Much of the institute's report focused on a central gap in drug regulation: While the FDA demands strict data on efficacy and safety from clinical trials before approving a new drug, less attention is paid after the drug reaches the market.
A safety problem that occurs once in every thousand patients, for example, would be unlikely to show up in clinical studies of a few hundred people, but it could result in thousands of serious side effects once the drug is approved and being taken by millions. The current system for monitoring adverse effects is nowhere near as systematic as the evidence collected before approval, the report said.
Besides, said R. Alta Charo, a panel member and bioethicist at the University of Wisconsin at Madison, patients who participate in drug trials are carefully selected, and hardly typical of patients in the real world who usually suffer from more complex problems.
"A drug tested in a few hundred or thousand people is very different when used by millions, especially over long periods of time and in conjunction with other supplements," she said.
While the agency can negotiate with companies to conduct long-term, post-approval studies, there are glaring gaps in such information, the report said. This is partly why the report also recommended limits on advertising new drugs. The report's authors acknowledged, however, that limits on advertising could run afoul of constitutional free-speech guarantees.
Charo also cited "a lack of collaboration among divisions, tensions [and] inappropriate management" at the FDA, saying officials who focus on safety issues are chronically underfunded compared with those who handle new-drug approvals.
Part of the problem, the report said, is that the money paid by industry to help fund FDA's regulators, under a 1992 law designed to speed up new drug reviews, cannot under the law be diverted to FDA's safety division, which suffers from chronic underfunding.

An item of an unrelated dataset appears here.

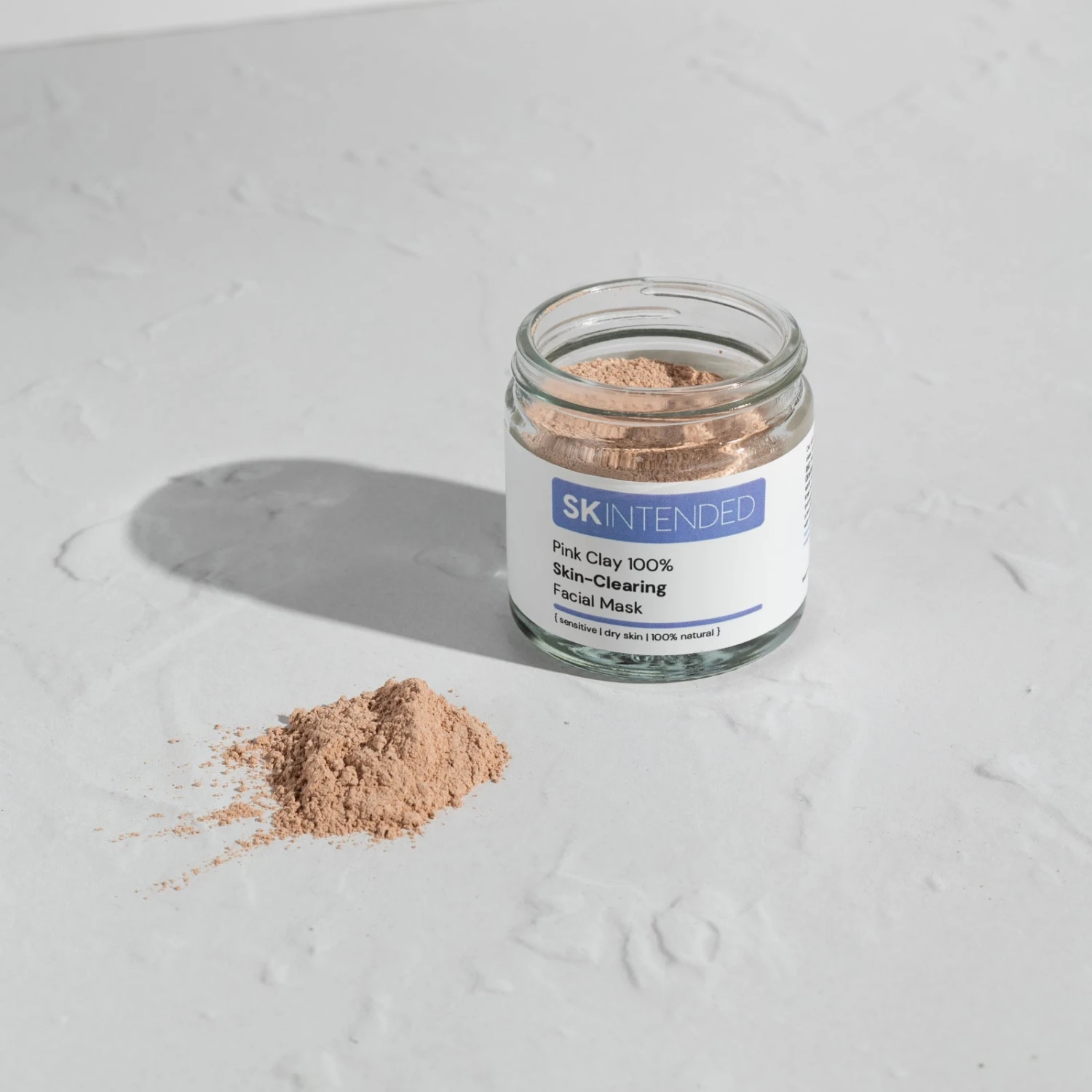 Skintended Pink Clay 100% Skin-Clearing Facial Mask(Skintended Pink Clay 100 Skin Clearing Facial Mask) 4 Skintended Pink Clay 100% Skin-Clearing Facial Mask(Skintended Pink Clay 100 Skin Clearing Facial Mask) - Image 2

"What the report does not do very well is explain that the vast majority of interactions at the center are successful," countered Steven Galson, who directs the FDA division that evaluates new drugs. Still, he added, "I accept the recommendation and see it as an opportunity to improve."
Scott Lassman, senior assistant general counsel for the drug industry group, said it would study the report carefully. He said that the industry is open to suggestions for greater transparency but that the FDA already has enough authority to act after drugs are approved.
The trade group also opposes mandatory registration of clinical trials because that would force companies to reveal trade secrets to competitors, Lassman said. Manufacturers also oppose restrictions on advertising, he said, adding that advertisements help educate patients about problems and treatments.